* Brief *
Transcribe the closing lines of the listing exactly, starting at the one that contains "Ducati Panigale V4 S 1100 (2020) (4)" and including the last.

* Data excerpt *
========================================
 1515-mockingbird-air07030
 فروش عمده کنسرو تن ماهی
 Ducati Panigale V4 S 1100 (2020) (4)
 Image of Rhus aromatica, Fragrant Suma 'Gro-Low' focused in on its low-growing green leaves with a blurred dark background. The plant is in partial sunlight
========================================
* Answer section *
 Ducati Panigale V4 S 1100 (2020) (4)
 Image of Rhus aromatica, Fragrant Suma 'Gro-Low' focused in on its low-growing green leaves with a blurred dark background. The plant is in partial sunlight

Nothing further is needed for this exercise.